Only the lines from the one containing "WOLFPACKPACK" through the end of the entries should be repeated, exactly as they appear, first and last included.

Dataset records
__________

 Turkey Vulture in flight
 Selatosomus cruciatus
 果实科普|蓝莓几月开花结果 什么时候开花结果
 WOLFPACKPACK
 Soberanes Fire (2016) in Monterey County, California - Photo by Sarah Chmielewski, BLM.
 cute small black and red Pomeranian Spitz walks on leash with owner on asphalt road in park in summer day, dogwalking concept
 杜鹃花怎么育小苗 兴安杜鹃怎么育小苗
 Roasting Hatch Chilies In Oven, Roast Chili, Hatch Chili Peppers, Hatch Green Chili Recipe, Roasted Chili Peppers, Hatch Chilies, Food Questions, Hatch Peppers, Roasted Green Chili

__________

- _RESPONSE BOX_:
 WOLFPACKPACK
 Soberanes Fire (2016) in Monterey County, California - Photo by Sarah Chmielewski, BLM.
 cute small black and red Pomeranian Spitz walks on leash with owner on asphalt road in park in summer day, dogwalking concept
 杜鹃花怎么育小苗 兴安杜鹃怎么育小苗
 Roasting Hatch Chilies In Oven, Roast Chili, Hatch Chili Peppers, Hatch Green Chili Recipe, Roasted Chili Peppers, Hatch Chilies, Food Questions, Hatch Peppers, Roasted Green Chili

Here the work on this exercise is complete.